Sundance Film Festival 2022: Adamma Ebo’s feature-length debut satirizes megachurches and their lavish hypocrisy

By: Steve Pulaski

Honk for Jesus, Save Your Soul satirizes megachurch culture to enjoyable effect. Loosely based off the Eddie Long scandal that rocked the pews of New Birth Missionary Baptist Church in Georgia just a few years back, Adamma Ebo (expanding her 2018 short film) puts a stamp on her debut feature in the form of a pseudo-documentary style that mostly works despite some tonal inconsistency.

Lee-Curtis Childs (Sterling K. Brown) was once a stalwart pastor. With his faithful wife and best friend, Trinitie (Regina Hall), by his side, the two were unstoppable forces that preached to 25,000+ at their snazzy megachurch, Wander to Greater Pastures. Those days have been rendered long gone; Lee-Curtis has endured months of public scrutiny following a sexual abuse scandal that’s all but sunk them both. With a reopening date set for Easter Sunday and a documentary chronicling their comeback being filmed, they are ready to get back to preaching. They want to gnaw through any barriers with “the tenacity of a rat,” according Trinitie, indeed implying what they actually are.

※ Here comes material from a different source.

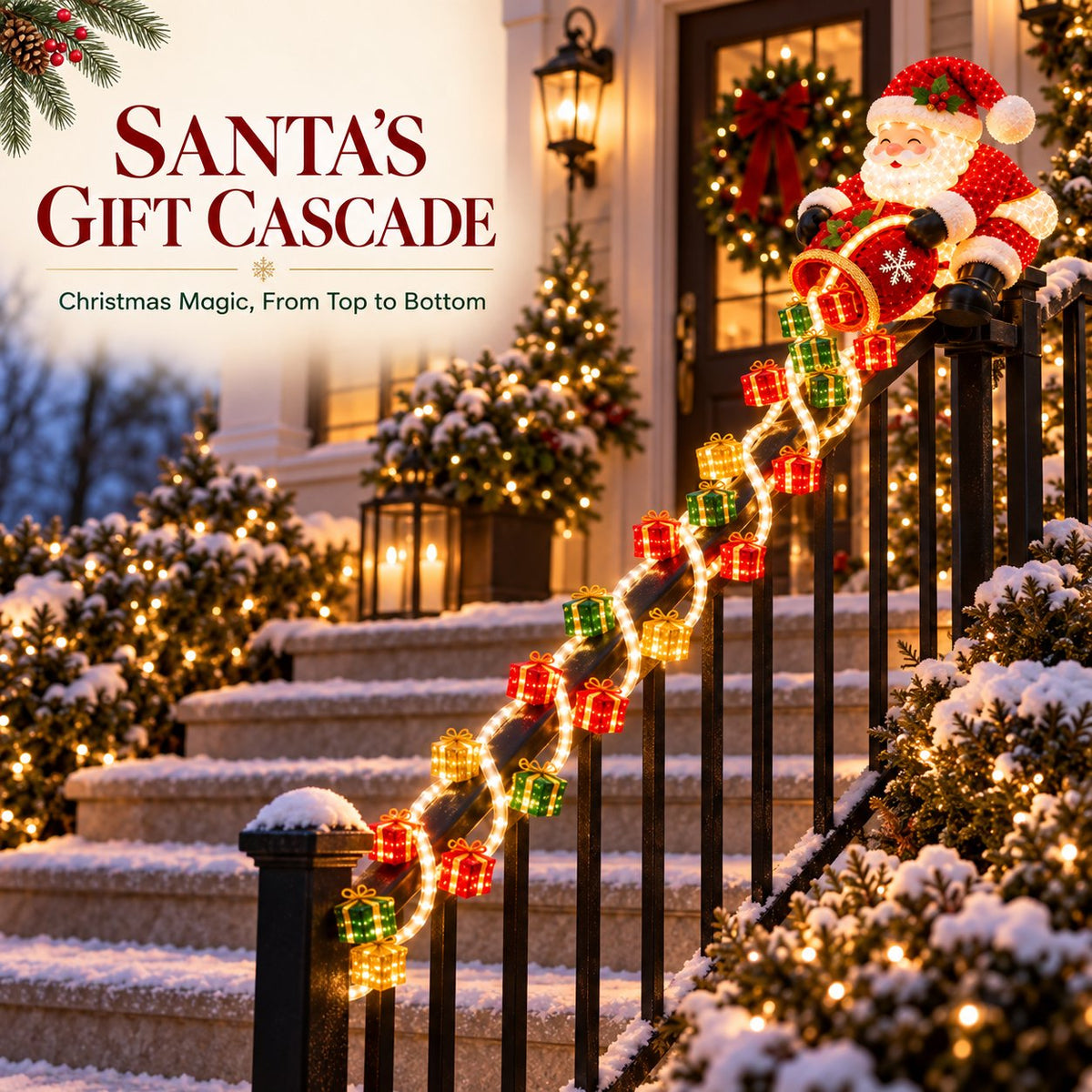 Santa Magic Gift Cascade Railing Light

Well, at least what one of them is. Lee-Curtis is your typical attention-craving “man of God,” while Trinitie is clearly faking a smile that tries but fails to conceal that she’s at her wit’s end. Ebo is pointed in the way she reveals the pain Trinitie is holding back. She’s just one heckle or confrontational moment away from losing it as she often buries her own true feelings in favor of her husband’s big ideas.

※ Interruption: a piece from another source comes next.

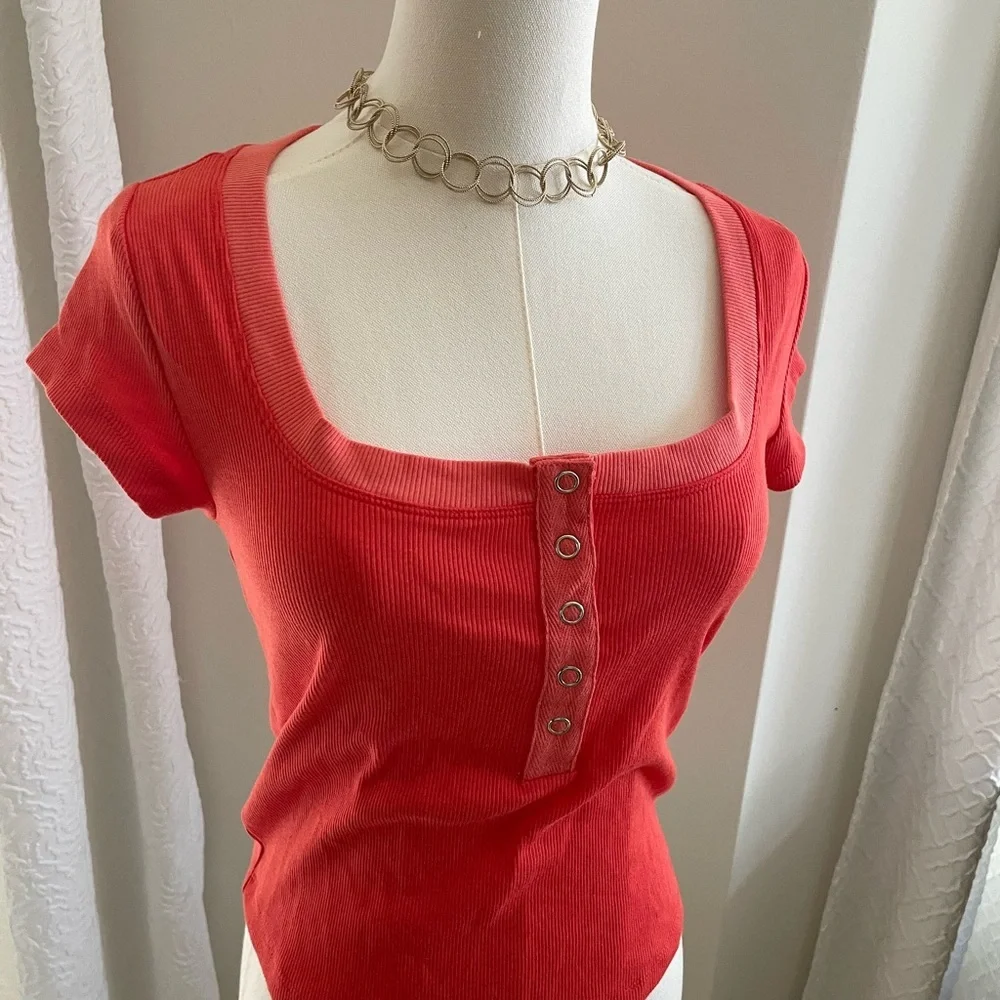 The Andie Scoop Neck by Pilcro Anthropologie NWT XS Pink Rose Top - Picture 3 of 6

Ebo shifts between dueling narrative styles effectively enough to double-take at the fact that she’s a first-time filmmaker. Much of the movie is shot through the lens of the documentary. When the Childs demand a candid moment, the film’s presentation shifts to a more-pronounced widescreen (with black bars at the top and bottom). Fake news reports, man-on-the-street-type interviews, and archival footage are all aesthetically loyal to their real-life counterparts, down to scuzzy VHS prints of Lee-Childs’ early sermons that recall old 700 Club VHS tapes.

Sterling K. Brown was probably a pastor in another life. That might be the only way to explain how terrific he is in every facet of Honk for Jesus. He’s a frighteningly realistic proselytizer, and harbors the same chops when his character is off-camera (the fact that Brown starred in War Room, one of the most successful religious movies of the last decade, is a fun source of irony). Yet it’s Regina Hall who affords the movie an emotional anchor as Ebo’s tone darkens with time. Hall can let out a convincing “Amen!” (although she prefers the traditional “ah-man” to her husband’s “aye-men”). Both her and Brown have chemistry whether they’re fighting or rapping along to “Knuck if You Buck.”

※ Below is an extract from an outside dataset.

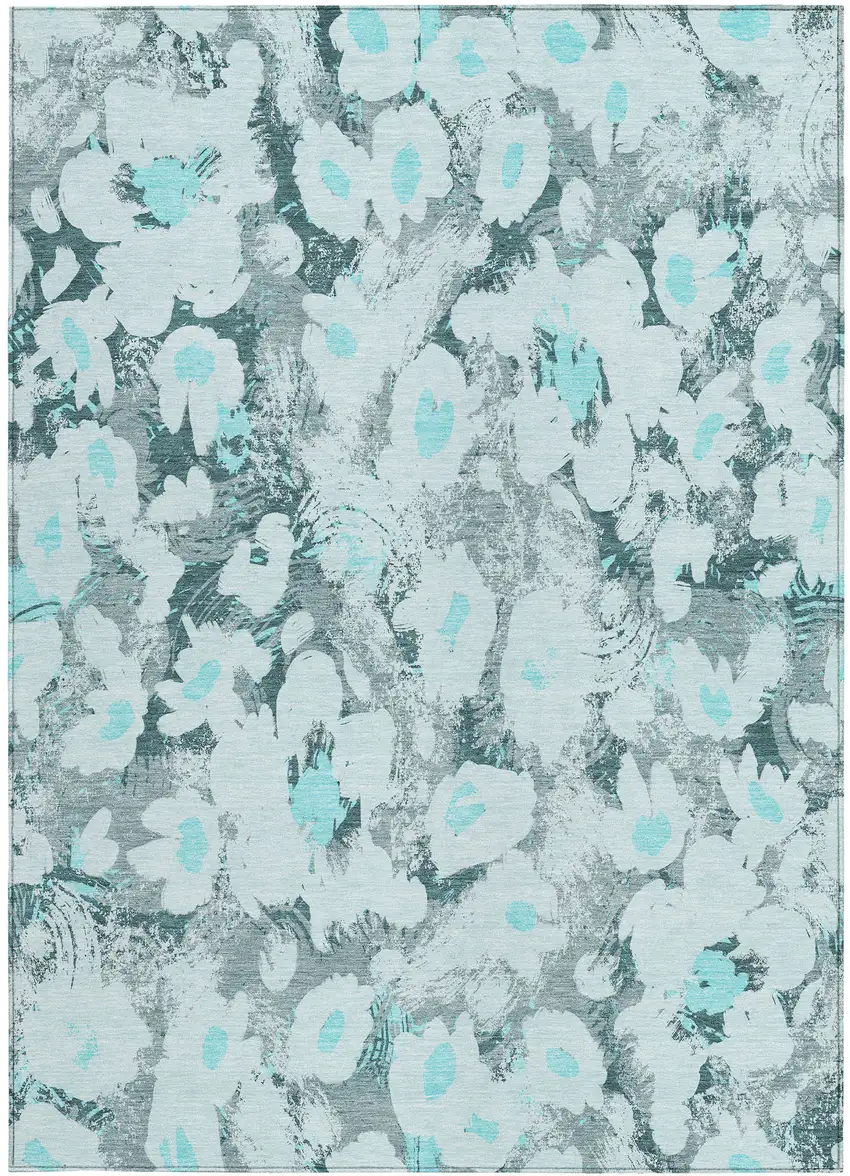Teal Floral Washable Non Skid Indoor Outdoor Area Rug Photo 5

Their subtleties in what is mostly a fairly straight-forward satire surface in moments when they show how they’re so used to controlling their image. The ensuing scandal has only worsened their domineering sides. “You can cut,” a distressed Trinitie will tell the director at several points, while Lee-Curtis more-than-once suggests they can “edit around” a certain miscue or public ass-chewing. Brown harbors an egomaniacal twinkle in his eye when he returns to his pulpit and practices a repentant speech that plays worse than a company’s tone-deaf press release. In one of many funny scenes, Trinitie sits in the spacious church with a “that’s all you got?” look on her face.

Supporting characters come in the form of rival couple Keon (Conphidance) and Shakura Sumpter (Nicole Beharie), who are also planning a reopening of their own church on… get this… Easter Sunday. Keon and Shakura are better at moral-mugging than their counterparts, but even they can’t hide the devil’s gleam in their eyes over the fact that the biggest fish in the local Christian sea has been harpooned and left for dead.

Honk for Jesus, Save Your Soul could’ve used a few more belly laughs. Ebo strives for sharpness — a commendable feat — even if that sometimes results in the script targeting the low-hanging fruit or muddying to whom exactly this movie plays. For those who love to revel in hypocritic religious schadenfreude? Perhaps. But only so much can be extracted from the Childs’ prolific desire to horde enough periwinkle suits and gaudy hats to fill at least a dozen clothing stores. By the time things wrap up, we realize the film might not have a second gear. At least its first is mostly sustainable.